A scene from the film 'Habemus Papam'. Photo / Supplied
A scene from the film 'Habemus Papam'. Photo / Supplied
Peter Calder previews this year's Italian film festival.
Given the circumstances in which it operates, it's something of a miracle that Italy has an indigenous film industry at all. The entertainment culture is hugely dominated by the empire of media mogul and Prime Minister Silvio Berlusconi, who is like Rupert Murdoch without the couth, and whose taste inculture may reasonably inferred from the company he keeps in his not-so-private life.
The fact that 26 per cent of the country's cinema box office in 2010 was made up of Italian films - a figure New Zealand film-makers would kill for - was largely because of the spectacular success of a handful of broad farces from veteran producers with massive promotional budgets.
The makers of more thoughtful and nuanced films have been hit hard both by the global economic downturn which has dried up venture capital everywhere and by the decision of Berlusconi's ministers to abolish most state subsidies and a tax-shelter system. The fact that the works of many smaller film-makers deplored, explicitly or implicitly, the country's corrupt political culture and the tottering economy may have had something to do with that.
Local fans of Italian film have been moderately well-served in the last couple of years by the main midwinter film festival, which has had four or five titles each year. But the Italian Film Festival, now in its 16th year, the largest single-culture event on the film circuit, remains the place to catch up with the best of recent releases from il bel paese.

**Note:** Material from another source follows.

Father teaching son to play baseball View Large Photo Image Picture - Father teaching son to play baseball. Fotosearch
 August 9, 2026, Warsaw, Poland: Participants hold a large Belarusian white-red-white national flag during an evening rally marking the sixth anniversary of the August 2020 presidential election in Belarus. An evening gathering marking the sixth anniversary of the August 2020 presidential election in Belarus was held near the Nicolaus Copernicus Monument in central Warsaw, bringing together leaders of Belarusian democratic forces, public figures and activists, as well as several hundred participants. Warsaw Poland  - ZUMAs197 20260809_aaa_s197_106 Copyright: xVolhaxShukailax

Festival director Tony Lambert has built up excellent contacts both in Italy and with Australian distributors, enabling him to assemble a very worthwhile programme.
This year's 20-film line-up includes a rare chance to see one of the great classics of Italian film, and a landmark of 20th-century cinema: The Bicycle Thieves, which dates from 1948, is the pre-eminent masterpiece of the so-called neo-realist movement which spurned the romanticised and sanitised films of the day in favour of a gritty realism in which shooting took place on location, rather than in the studio, and non-actors were used in main roles.
Of the modern films, the only one previewed is Habemus Papam, the new film by Nanni Moretti, a festival regular and an outspoken critic of the Berlusconi Government. (His 2006 film Il Caimano (The Alligator) was a thinly veiled attack on the Prime Minister and was widely credited with assisting in his election defeat that year).
The new film takes its title from the Latin utterance ("We have a Pope") made from the balcony of St Peter's when the conclave of cardinals meeting in the Sistine Chapel has chosen the successor to a pope who has died.
Moretti's film, a gentle, even tender political satire and a rumination on the nature of faith and duty, deftly weaves together real footage of the funeral of John Paul II and its aftermath, as crowds waited in St Peter's Square and the fictional story of a Bishop Melville (the great French star Michel Piccoli) as the Pope-elect who feels crushed by the weight of the responsibility laden upon him.
It sounds heavy-duty but Moretti's light, even playful touch keeps it bubbling along: a psychiatrist (played by Moretti himself) is engaged to talk to the stressed-out Melville, who has his own ideas about what he wants to do next. It's a bit like an ecclesiastical The King's Speech but with a definite Latin inflection.
LOWDOWN
What: The 2011 Alfa Romeo Italian Film Festival
When and where: Opens Wednesday at the Rialto and Bridgeway Cinemas in Auckland before touring to half a dozen other centres including Havelock North and Tauranga between now and the end of November.